Given an array of n integer, find the maximum element in an array that is also equal to product of two other element in the array.

Please don’t propose O(n^{2}) solutions since 1<=n<=10^{6}

Given an array of n integer, find the maximum element in an array that is also equal to product of two other element in the array.

Please don’t propose O(n^{2}) solutions since 1<=n<=10^{6}

You can have an O(n * sqrt(n) + n * log(n)) solution.

Basically, sort the array O (n * log(n)) and for each number x in decreasing order, for each of it’s factor i, check whether i and x / i exists in the array. If yes, you get the answer.

If you have some limit on each value, say 1<=x<=10^6, you can go with something like this:

start from i = 2 to MAX_VALUE(only those which exist in array), now for each multiple num of i, check if num ans num/i exists in the array. If yes, num is a candidate answer. Complexity will be O(n/2 + n/3 + n/4 + …) == O(n*log(n))

UPD: Adding Code for 2nd approach.:

//assuming int array freq[] which is stores frequency of each element.

int freq[1000001]; //input int ans = 0; for(int i = 2; i<= 1000000; i++){ if(freq[i]){ for(int j = 2 * i; j <= 1000000; j+=i){ int num = j / i; if(num == i){ // consider case {5,5,25} -> 25 can be the answer if(freq[i] > 1 && freq[j] > 0){ ans = max(ans , j); } }else{ if(freq[i] > 0 && freq[j] > 0 && freq[num] > 0){ ans = max(ans , j); } } } } }

Brute force for one number of the pair to be 1 or 0 if required.

For which one?

#include<stdio.h>

void main()

{

int a[100],b[100],c[100][100],n,i,j,greatest;

printf(“enter the number of elements\n”);

scanf("%d",&n);

for(i=0;i<n;i++)

{

printf(“enter the %dth element\n”,i);

scanf("%d",&a[i]);

}

printf("\n");

for(i=0;i<n;i++)

{

for(j=i+1;j<n;j++)

{

b[j]=(a[i])*(a[j]);

c[i][j]=b[j];

```
}
}
for(i=0;i<n;i++)
{
for(j=0;j<n;j++)
{
printf("%d\t",c[i][j]);
```

}

printf("\n");

}

}

after this…compare the numbers in the C matrix with that of the original matrix , and store the ones which match in a separate array and find the greatest among them. the greatest among them is your answer.

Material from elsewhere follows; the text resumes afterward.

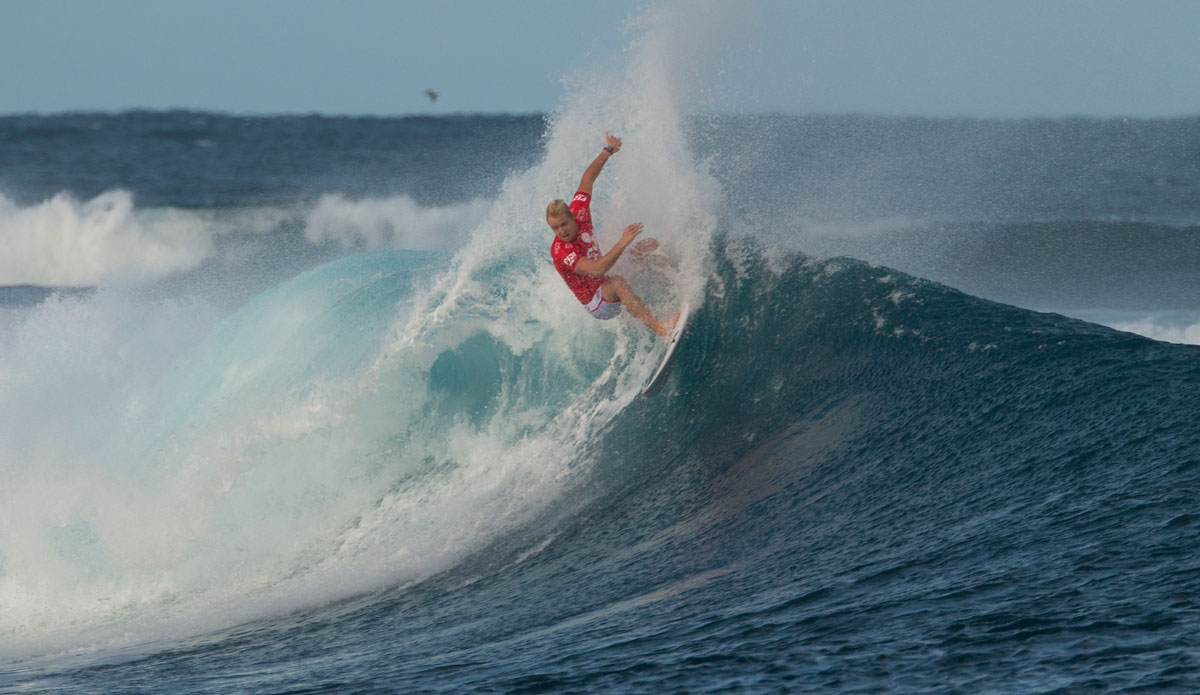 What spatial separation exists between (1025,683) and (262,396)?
257 inches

Sort the array with O(n*logn). Then rest can be observed by factorizing with O(n * sqrt(n)) and using maps. Start from the right hand side i.e. largest element.

For N = 10^6, a solution of complexity \mathcal{O}(N\sqrt{N}) generally not the expected solution. For this problem we can sort the elements in \mathcal{O}(N\log{N}) and use a hash map to store the elements and use 2 pointer approach to get the solution in linear time. So the overall complexity is \mathcal{O}(N\log{N} + N) .Sort the elements and set the left pointer to 1 and right pointer to N-1 .Then if product of A[lptr]\times A[rptr] is greater than MaxValue then decrease right pointer otherwise check whether the product is an element of the array using the hashmap and increase the left pointer. Repeat until lptr < rptr . (also keep a check whether the three elements are distinct)

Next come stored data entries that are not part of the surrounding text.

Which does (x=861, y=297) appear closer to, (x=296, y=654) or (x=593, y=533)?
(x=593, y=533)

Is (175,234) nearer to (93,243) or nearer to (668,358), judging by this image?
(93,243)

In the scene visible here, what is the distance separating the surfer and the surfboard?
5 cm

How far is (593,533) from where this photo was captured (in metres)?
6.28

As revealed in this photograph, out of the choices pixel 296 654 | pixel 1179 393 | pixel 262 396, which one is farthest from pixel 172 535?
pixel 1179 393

If the product of elements is less than max value but is not present in an array then whether the left pointer will be incremented or the right pointer will be decremented?

Can you please explain, how the complexity of this approach is **Nlog(N)**

and please also look at the last ans in this thread, that seems to be the better approach. I couldn’t understand it, if you could, then help me out with that also.